- **Data below**
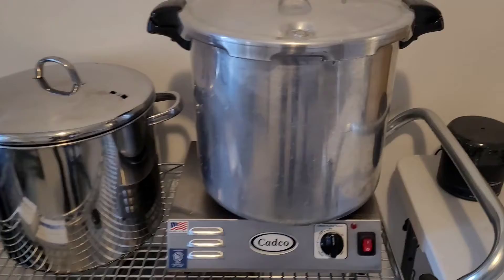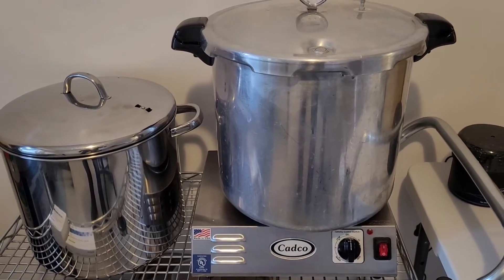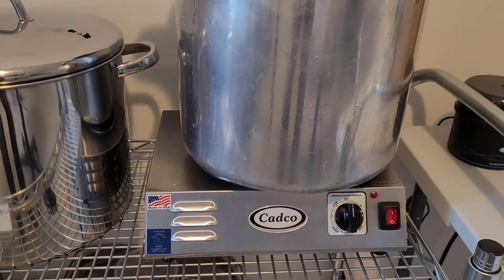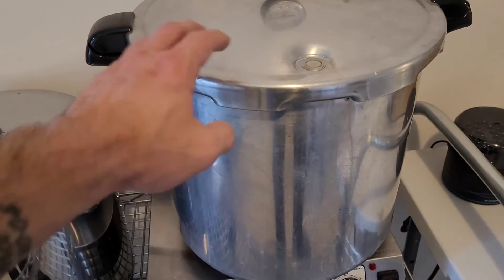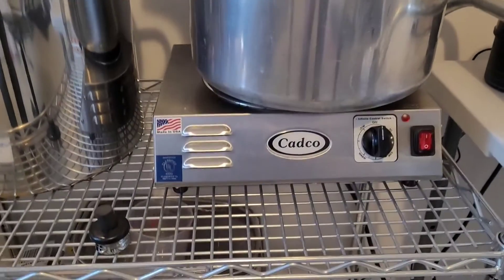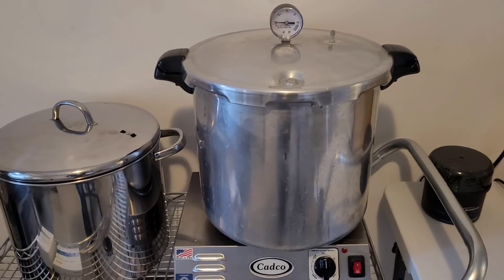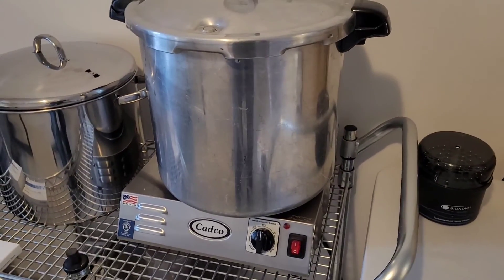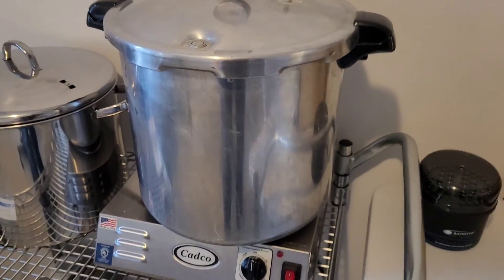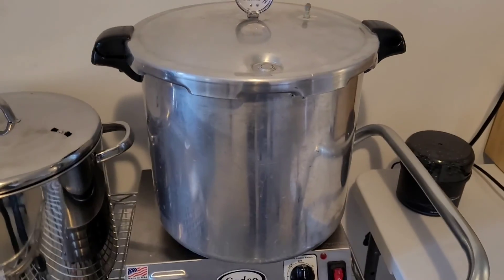A note on heat source: I'm using a Cadco electric burner. If you go the electric route and use a cheap Walmart or Canadian Tire electric burner, there's not going to be enough output to efficiently heat up a pressure cooker of this size, especially if the hot plate is a glass top. If you're using propane or a gas burner, you're going to want to follow the manufacturer's directions in terms of BTU, because if it is too high, the excess heat will cause rapid heat up which will burst your bags and potentially melt them if it continues to get too hot inside your pressure cooker. So keep that in mind.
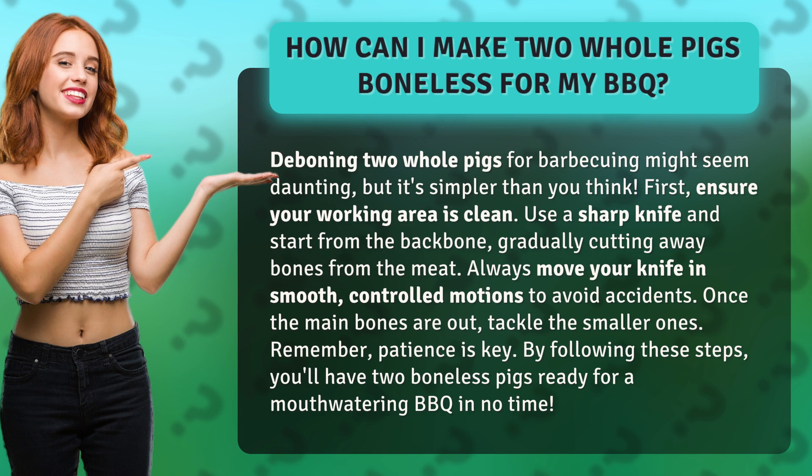First, ensure your working area is clean. Use a sharp knife and start from the backbone, gradually cutting away bones from the meat. Always move your knife in smooth, controlled motions to avoid accidents.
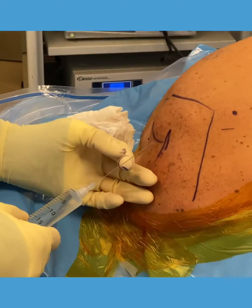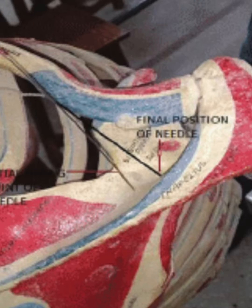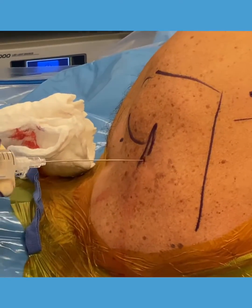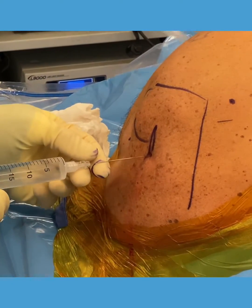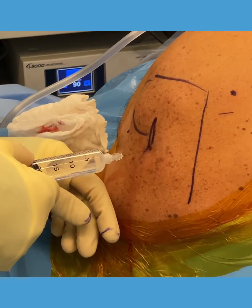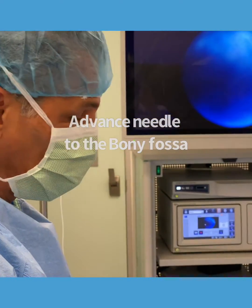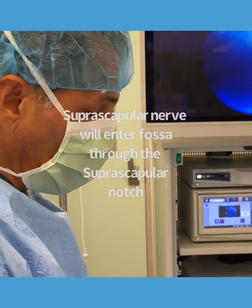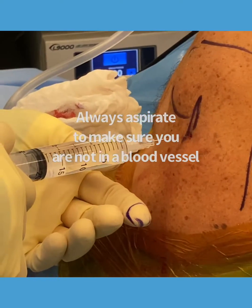So what I'm going to do is a suprascapular nerve block. I place a 22 gauge needle straight down, but slightly on an angle, about the level of the coracoid. I take it down until I hit the fossa — and that fossa is the supraspinatus fossa. That's where the suprascapular nerve lies on top of the bone. So I aspirate and inject. And this is the suprascapular nerve block.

- **What you are asked to do**
Could you print the data exactly as it appears and keep the pictures out?

- **Solution**
A note on heat source: I'm using a Cadco electric burner. If you go the electric route and use a cheap Walmart or Canadian Tire electric burner, there's not going to be enough output to efficiently heat up a pressure cooker of this size, especially if the hot plate is a glass top. If you're using propane or a gas burner, you're going to want to follow the manufacturer's directions in terms of BTU, because if it is too high, the excess heat will cause rapid heat up which will burst your bags and potentially melt them if it continues to get too hot inside your pressure cooker. So keep that in mind.
First, ensure your working area is clean. Use a sharp knife and start from the backbone, gradually cutting away bones from the meat. Always move your knife in smooth, controlled motions to avoid accidents.
So what I'm going to do is a suprascapular nerve block. I place a 22 gauge needle straight down, but slightly on an angle, about the level of the coracoid. I take it down until I hit the fossa — and that fossa is the supraspinatus fossa. That's where the suprascapular nerve lies on top of the bone. So I aspirate and inject. And this is the suprascapular nerve block.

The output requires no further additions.